# Work to complete:
Every line of the data below is to be given again as it appears, with the images removed.

# Supplied information:
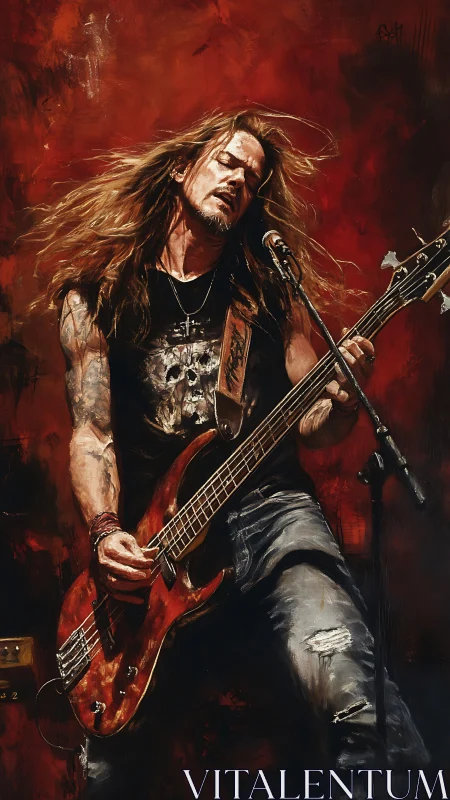 Firestage bass rebel shredding through a storm of sound.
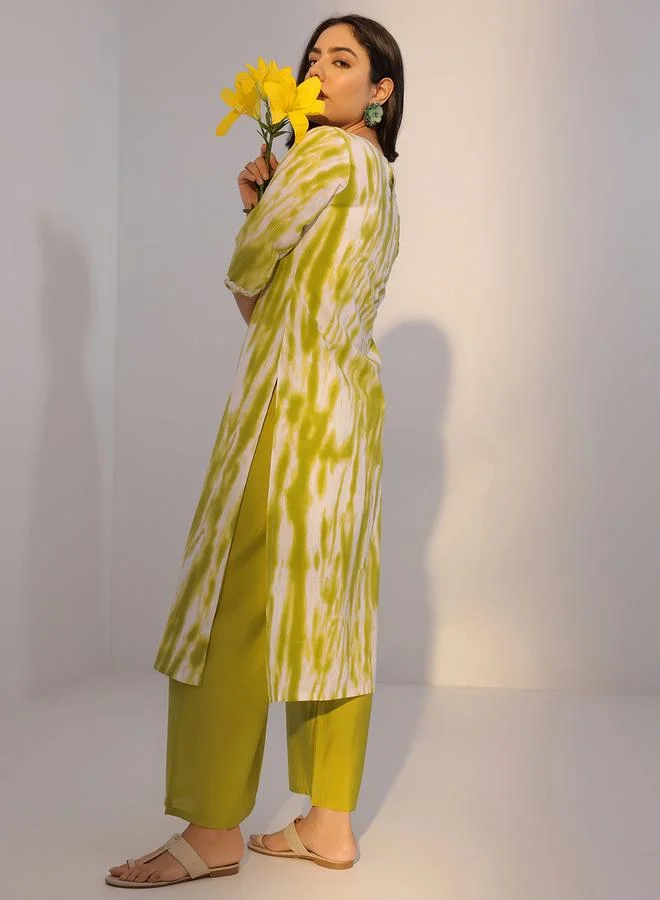 Libas Green Printed Cotton Straight Kurta and Trousers Set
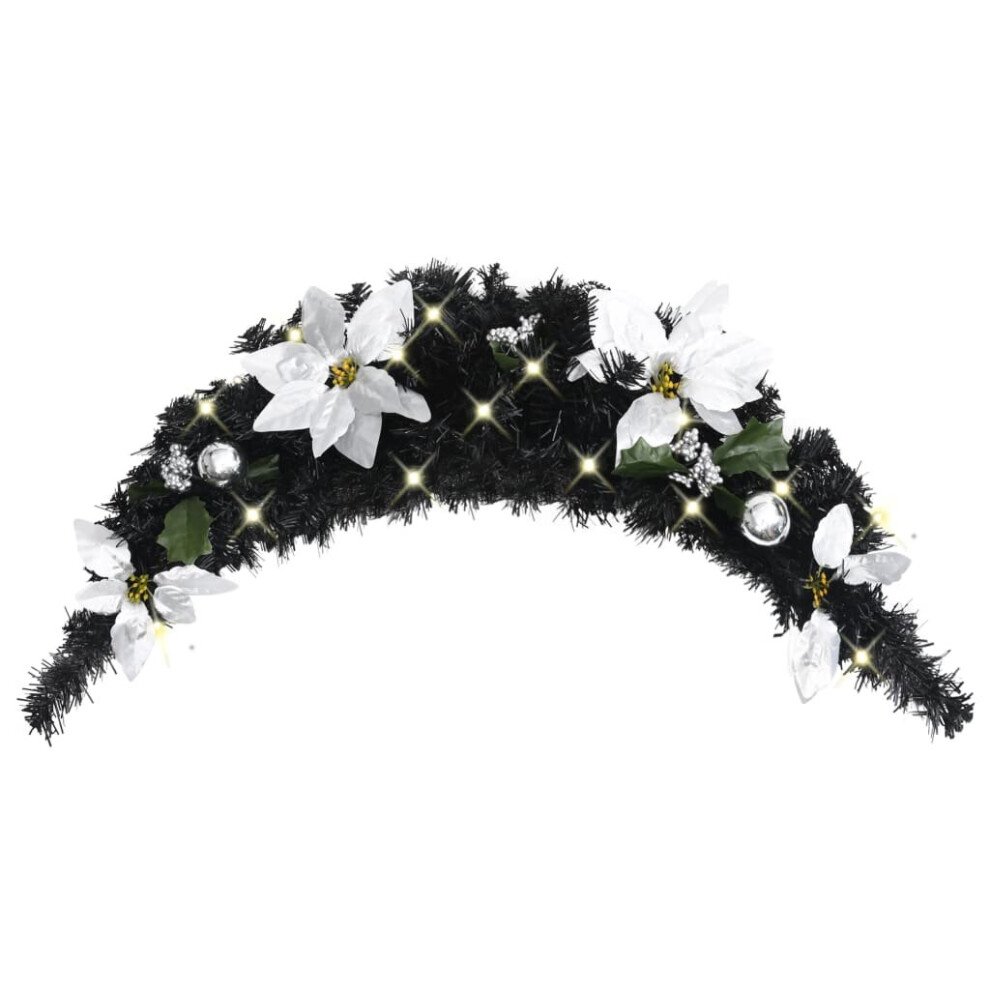 Vidaxl Christmas Arch With Led Lights Black Pvc Home Office Holiday Ornament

# Answer box:
 Firestage bass rebel shredding through a storm of sound.
 Libas Green Printed Cotton Straight Kurta and Trousers Set
 Vidaxl Christmas Arch With Led Lights Black Pvc Home Office Holiday Ornament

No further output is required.